Pero el dato acerca de un aumento significativo de la delincuencia en Reino Unido era ya conocido desde hace años por las fuerzas de seguridad del país. La Policía Metropolitana tenía conocimiento del aumento exponencial de la violencia en Londres entre 2000 y 2009. El nivel de delincuencia en Londres es un 30% más elevado que en el resto del país, incluido Gales. Por supuesto, el aumento de la precariedad laboral está íntimamente asociado al recrudecimiento de la criminalidad. Pese a que el paro general en Reino Unido no es comparable al de un país como España (21%), el paro juvenil (personas entre 16 y 24 años) alcanzó el 20,5% en 2010. En España ronda actualmente el 43%.
Son más las preguntas que las respuestas. Hasta ahora no habíamos asistido en ninguna ciudad europea a una explosión ciudadana tan violenta y destructiva. Sabemos que dentro de la mayoría de las concentraciones populares existen grupos organizados de corte anarquista (ligados unos a la ultraderecha, otros de corte ultraizquierdista) que intentan boicotear con actitudes violentas las demandas de los ciudadanos. En España, el 15M ha visto cómo estos grupos actúan camuflados en sus concentraciones, desacreditando la legitimidad de sus acciones.

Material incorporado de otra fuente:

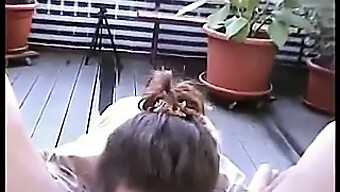 Mujer Amateur Sensual De Mediana Edad Se Involucra En Actividad Sexual En Una Terraza Al Aire Libre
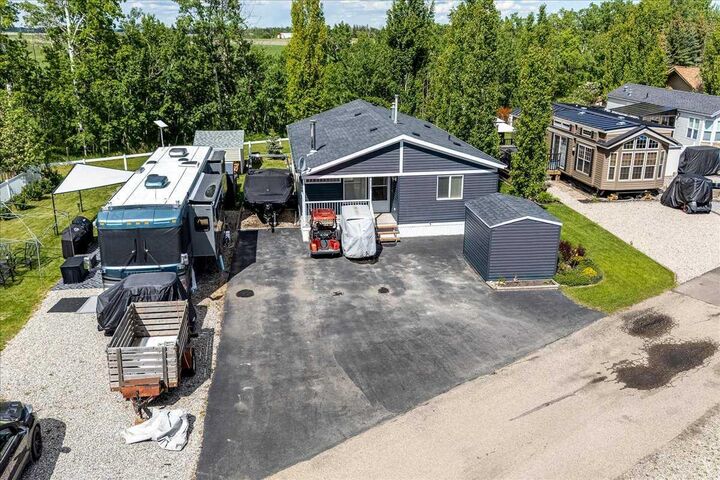 Property Photo: 35468 Range Road 30 6027 AB T4G 0M3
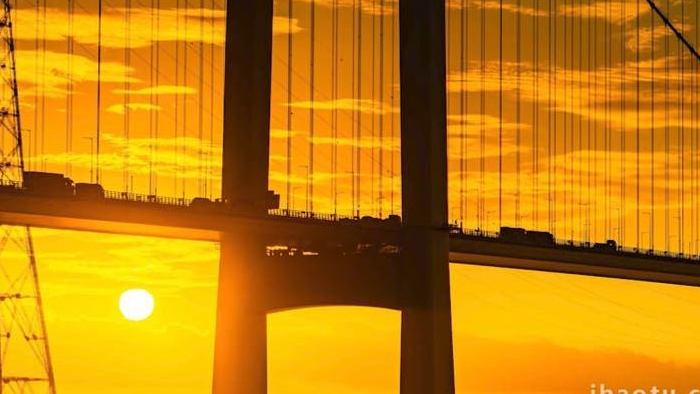 日出朝霞大桥太阳从大桥钻出延时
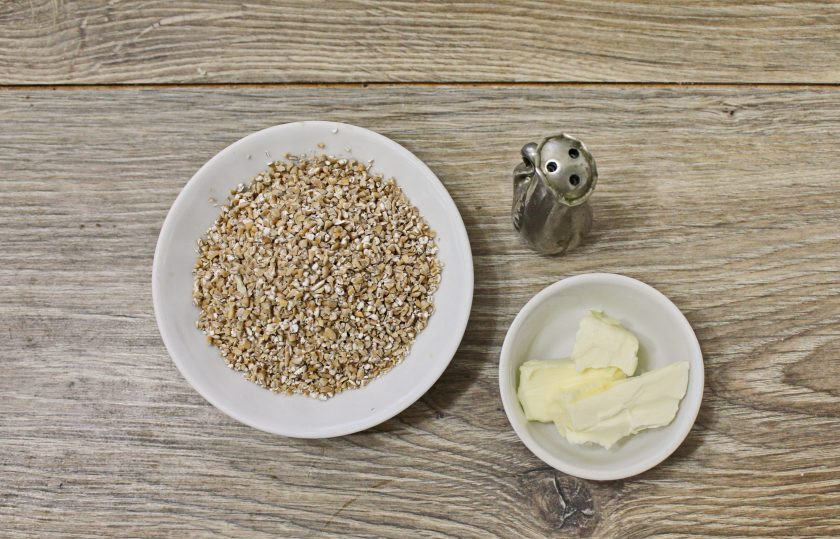 1. Этап. Каша из дробленой пшеничной крупы: Подготовьте все необходимые ингредиенты для приготовления каши из дробленой пшеничной крупы.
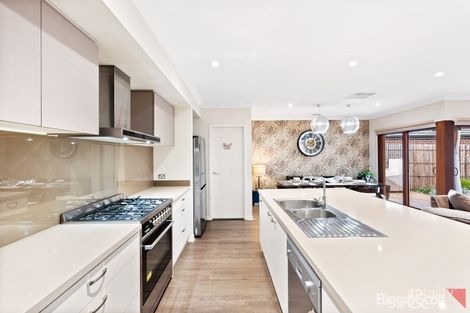 Property photo of 8 Hartney Avenue Mickleham VIC 3064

Cuando esto sucede, los Estados se ven obligados a blindar las calles y limitar los derechos constitucionales de la ciudadanía. El miedo actúa como acicate para que los gobiernos reduzcan libertades, apoyados en la seguridad nacional. Es de esperar que tras esta crisis social Reino Unido fortalezca su seguridad interna y establezca nuevos protocolos de vigilancia que resentirán de seguro su sensación de libertad, aunque con ello también aumente la de sentirse seguros.

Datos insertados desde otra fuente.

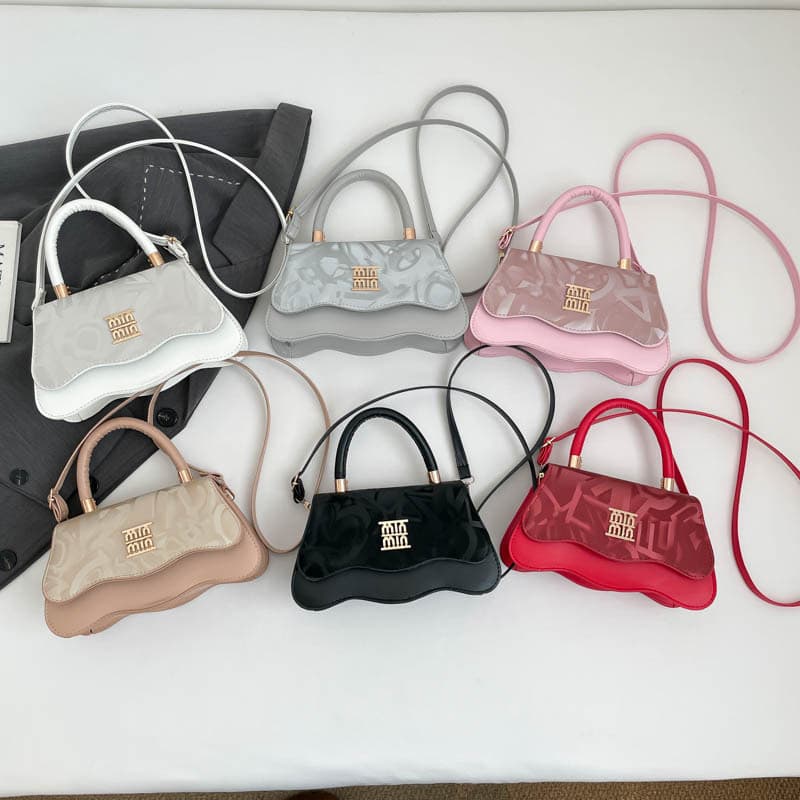 Leisure handbag trend retro small bag female winter new fashion casual popular Messenger bag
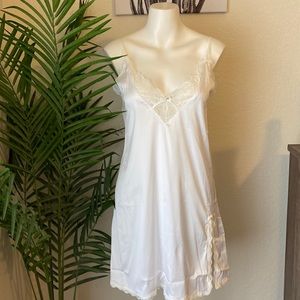Elegant White Lace Chemise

Es más fácil atacar las consecuencias que reflexionar acerca de las causas, realizar un análisis calmado acerca de los factores socioculturales y económicos que condicionan este tipo de disensiones sociales. Además, después de una crisis como ésta es más popular y electoralmente más goloso ofrecer a la ciudadanía soluciones expeditivas que un estudio meditado sobre las causas y su forma de encauzarlas hacia la cohesión y la convivencia sociales. Por otro lado, no son pocos los que aprovechan estos vientos para atacar con populismos falaces las políticas de inmigración, el multiculturalismo y el futuro de una Europa abierta y tolerante. No parece probable que los signos de los tiempos alienten la esperanza de que la conflictividad social baje o que la ciudadanía esté menos distante y cabreada con sus instituciones públicas. Sin embargo, lo sensato es no hacer mudanza en tiempos de desolación, mantener la calma y la templanza, confiar en valores comunes que refuerzan nuestra convivencia, sin ceder al encanto de la desesperanza.